== WHAT THIS TASK INVOLVES ==
Starting with the line with "white floral jutti" in the entries below and going on through the line with "Meet your Posher, Samantha", output every line exactly and nothing more. No pictures.

== PROVIDED MATERIAL ==
• • •

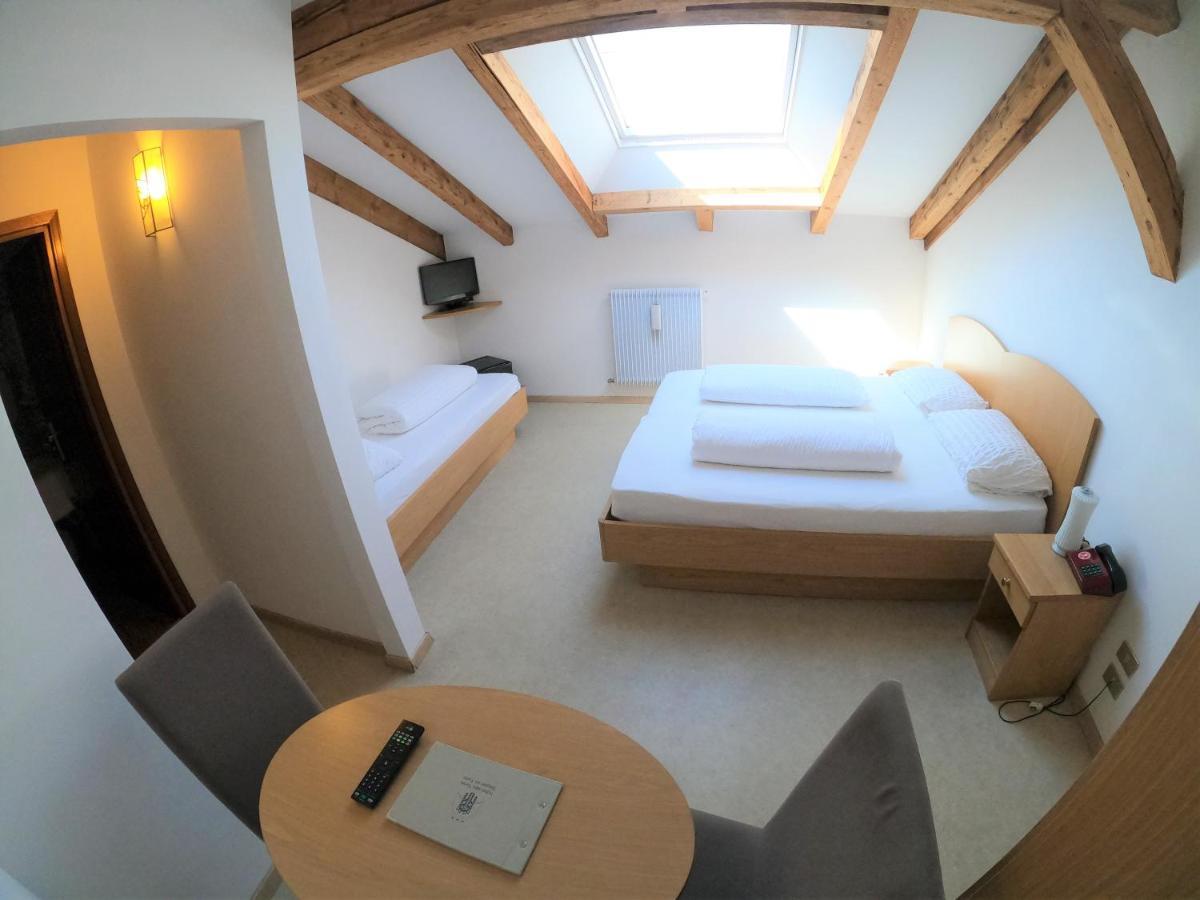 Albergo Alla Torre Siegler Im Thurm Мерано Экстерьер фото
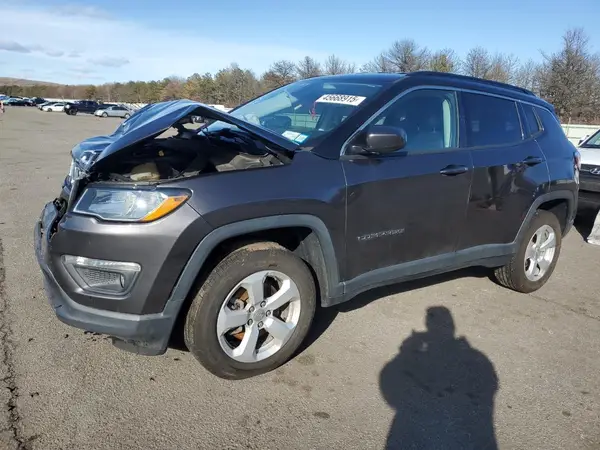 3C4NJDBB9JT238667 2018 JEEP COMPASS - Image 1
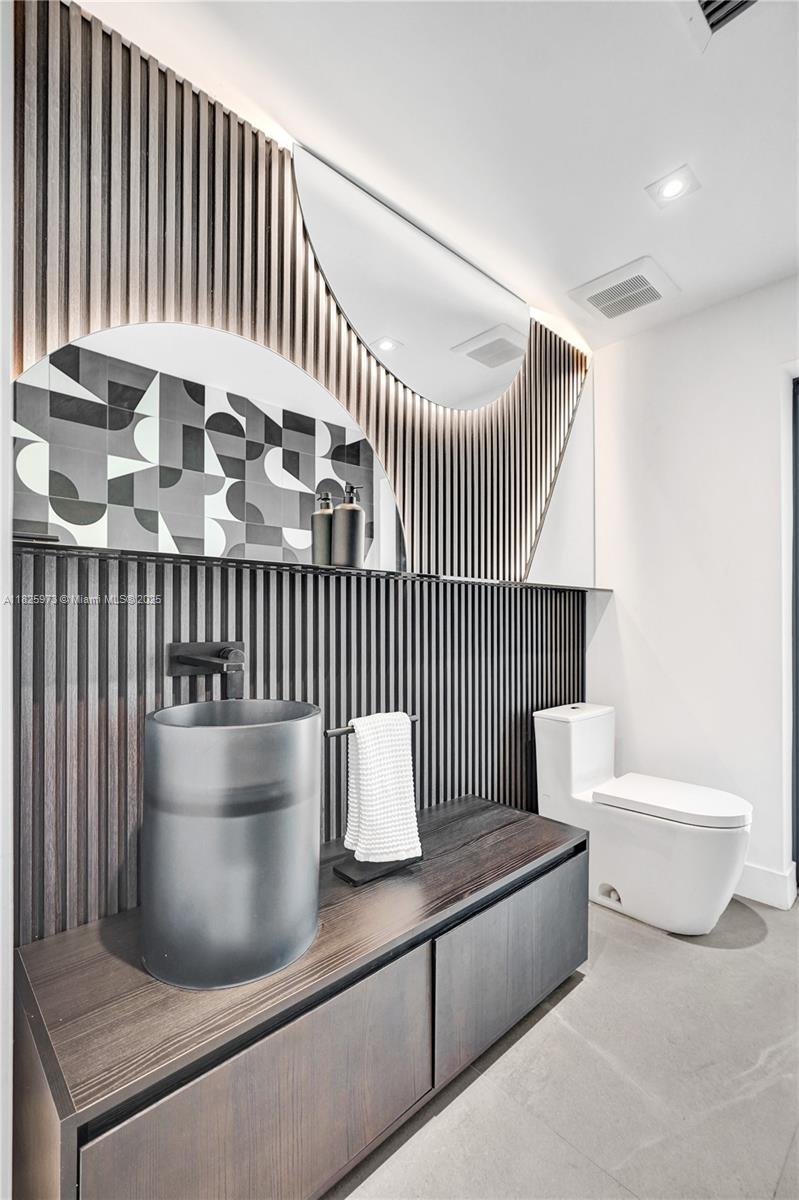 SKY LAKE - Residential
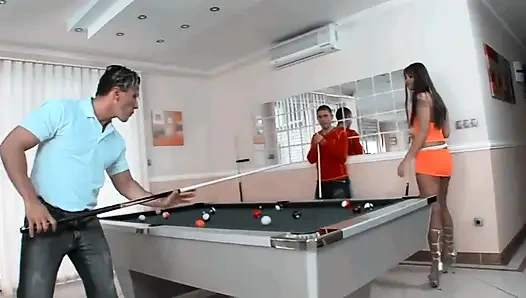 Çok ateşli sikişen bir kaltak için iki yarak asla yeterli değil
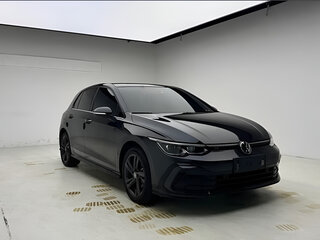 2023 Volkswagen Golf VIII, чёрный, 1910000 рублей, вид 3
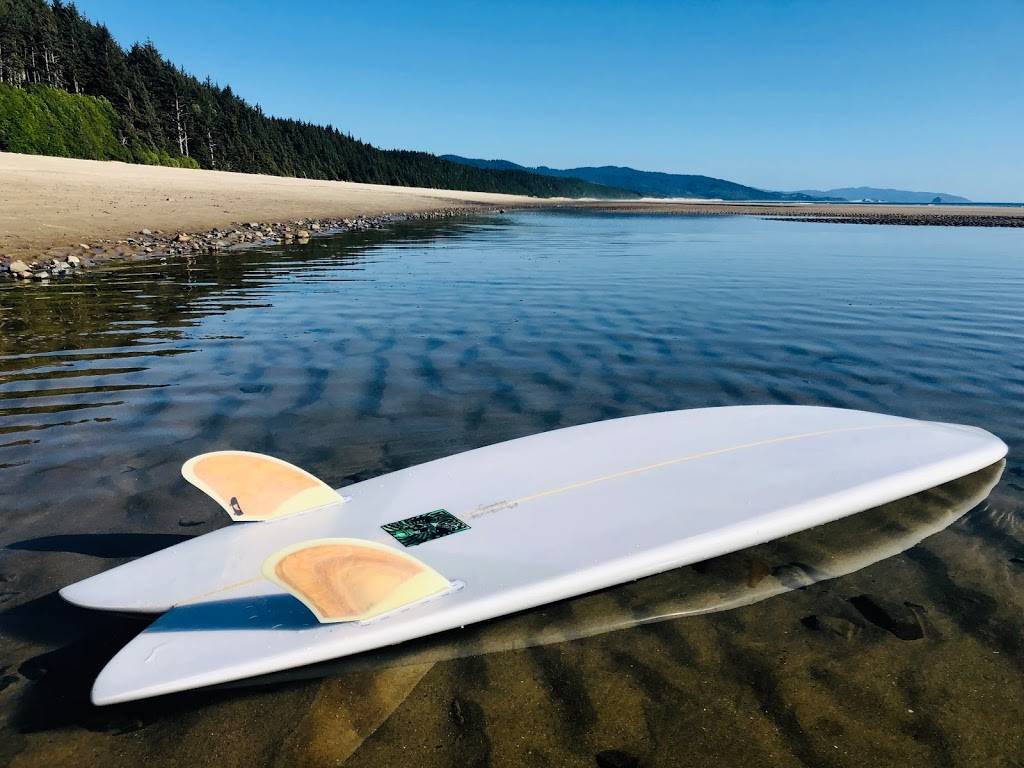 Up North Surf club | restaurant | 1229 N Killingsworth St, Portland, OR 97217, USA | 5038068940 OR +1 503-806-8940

• • •

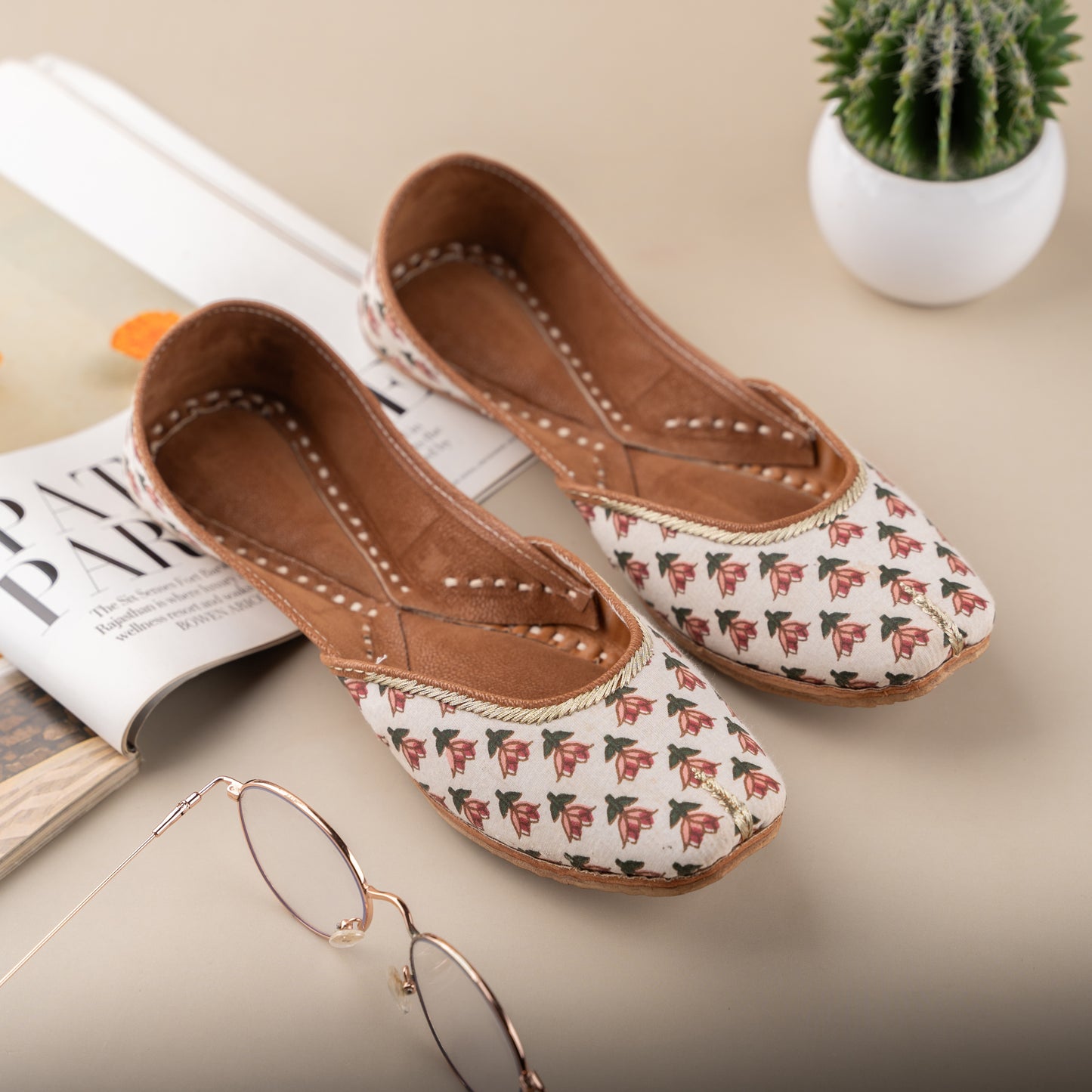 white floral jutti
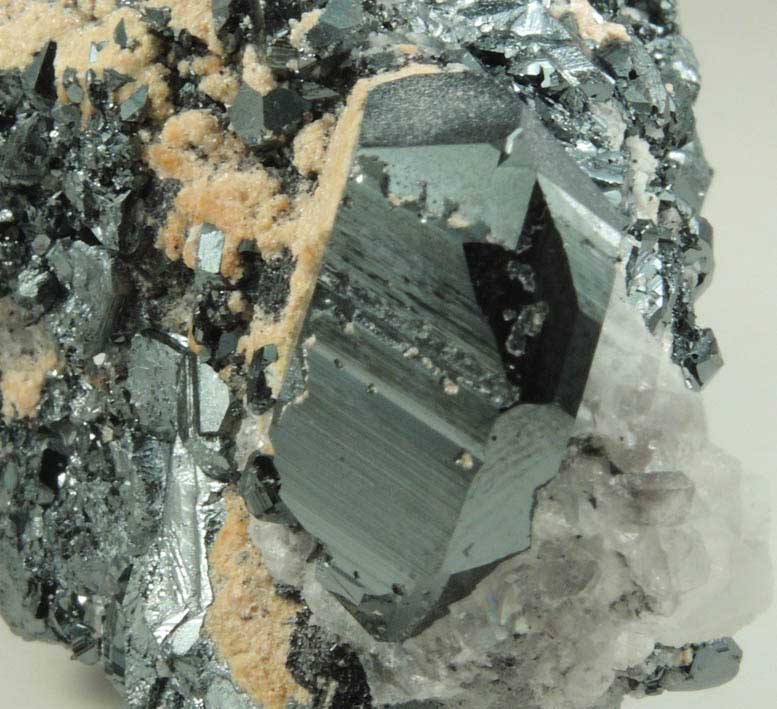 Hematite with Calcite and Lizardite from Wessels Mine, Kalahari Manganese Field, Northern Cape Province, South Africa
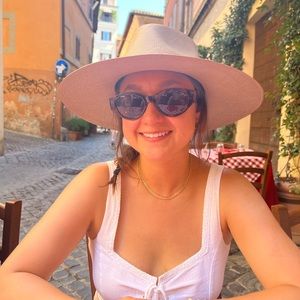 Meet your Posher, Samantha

• • •

== ANSWER TO THIS PROBLEM ==
 white floral jutti
 Hematite with Calcite and Lizardite from Wessels Mine, Kalahari Manganese Field, Northern Cape Province, South Africa
 Meet your Posher, Samantha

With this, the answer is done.